INTRODUCTION: Medicaid payer status has been shown to affect risk-adjusted patient outcomes and healthcare utilization across multiple medical specialties and orthopaedic procedures. However, the impact of Medicaid payer status on 90-day morbidity and resource utilization following primary shoulder arthroplasty (reverse, total, and hemi) has not yet been assessed. The purpose of this study was to examine 90-day readmission and reoperation rates, hospital length of stay (LOS), and direct cost following primary shoulder arthroplasty.

METHODS: The National Readmission Database (NRD) was queried for all patients undergoing primary reverse, total, and hemi- shoulder arthroplasty (aTSA, rTSA, HA) from 2011 to 2016. The corresponding “Medicaid” or “non-Medicaid” payer status were determined. One-to-one matching between the payer groups and type of arthroplasty (reverse, total, or hemi) was performed, and the relative risk (RR) and 95% confidence interval (CI) for 90-day readmission and reoperation rates were calculated along with a comparison of LOS and cost between the propensity score matched cohorts.

RESULTS: A total of 4,667 Medicaid and 161,147 non-Medicaid patients were identified from the 2011-2016 NRDs. Propensity score analysis was performed, and 4,637 Medicaid patients were matched to 4,637 non-Medicaid patients, each with 1504 (32.4%) rTSAs, 1934 (41.7%) aTSAs, and 1199 (25.9%) HAs.

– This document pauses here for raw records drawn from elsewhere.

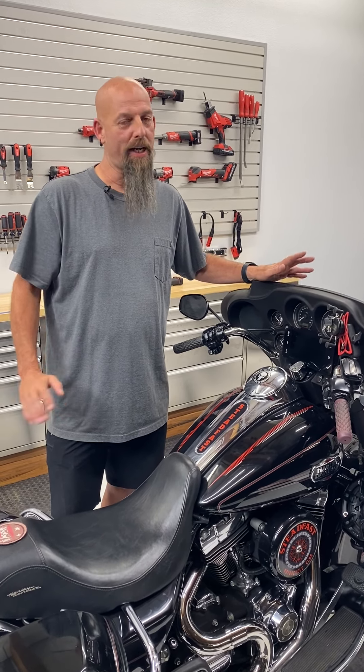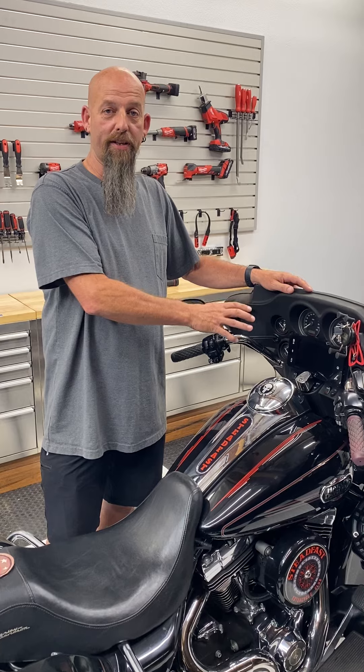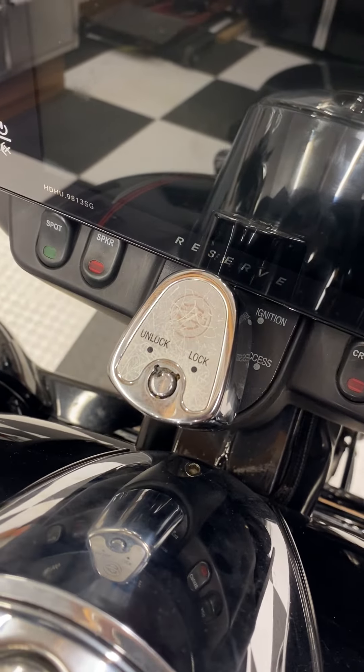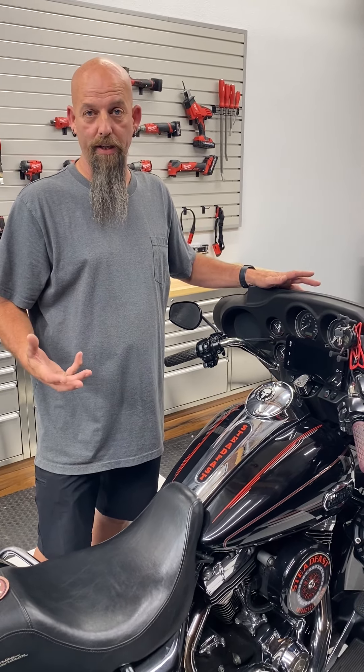Hey, it's Kevin from Lifestyle Cycles. I've been getting a ton of questions from guys on bikes with 96 to 2013 Batwing fairings about the radio being really close or too close to the ignition switch. So I'm going to show you a fix today and explain why you're running into this problem.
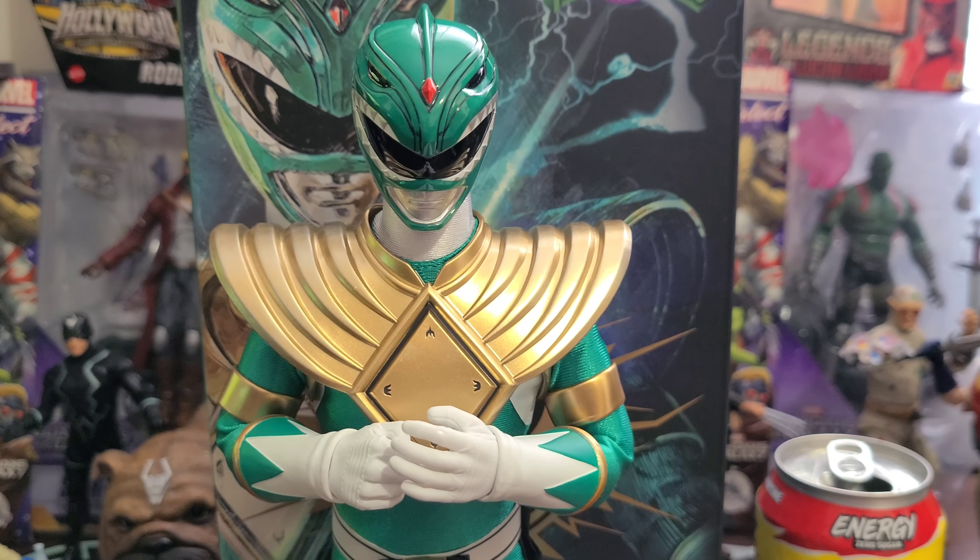I picked that up at my local comic shop, which is Lemon Juice McGee's Comic Cavalcade. If you're in the Somerset, Kentucky vicinity or a nearby county, I highly advise you come check him out. I was able to pick this up for around $100, which I guess is retail. He does have the five-pack, which I will probably go back and pick up after getting this one, because this is a damn good figure.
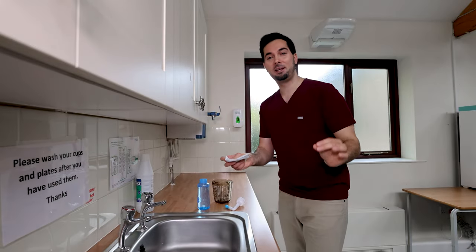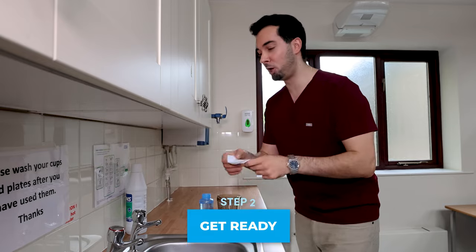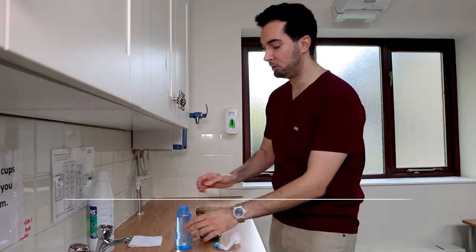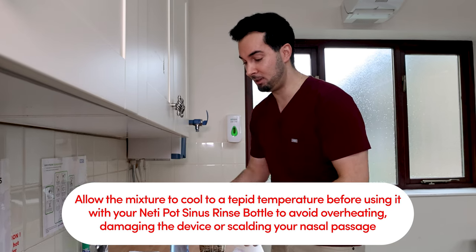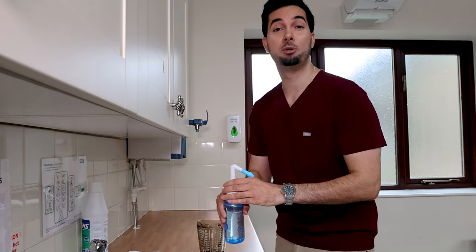Step two: getting ready. Stand over a sink, blow your nose, and wash your hands. Then fill your neti pot sinus rinse bottle to the 300ml mark with the saline solution you've just made, close the lid, and move on to the next step.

Patients with Medicaid payer status yielded significant increase in 90-day all-cause readmission rates of 11.6% vs 9.3% (p < 0.001; RR = 1.14 [95% CI, 1.06 to 1.22]), 90-day shoulder-related readmission rates of 3.3% versus 2.3% (p = 0.004; RR = 1.22 [95% CI, 1.05 to 1.41]), and 90-day reoperation rates of 2.0% vs. 1.3% (p = 0.008, RR=1.27 [95% CI, 1.05 to 1.54]). Furthermore, there was an increased risk of extended LOS ≥ 3 days (14.8% versus 12.0%; p < 0.001; RR = 1.14 [95% CI, 1.07 to 1.21]) along with increased direct cost ($20,300 versus $19,188; p < 0.001).

DISCUSSION AND CONCLUSION: This study demonstrates that Medicaid payer status is independently associated with increased 90-day readmission and reoperation rates, LOS, and direct cost following primary shoulder arthroplasty. With the evolving healthcare climate, providers may have a disincentive to treat certain patient populations who require increased resource utilization following surgery, such as Medicaid insurance status. Therefore, risk adjustment models accounting for risk factors, such as Medicaid payer status, are necessary to avoid decreased access to care for this patient population and to avoid the negative financial impacts of taking care of these patients for physicians and hospitals.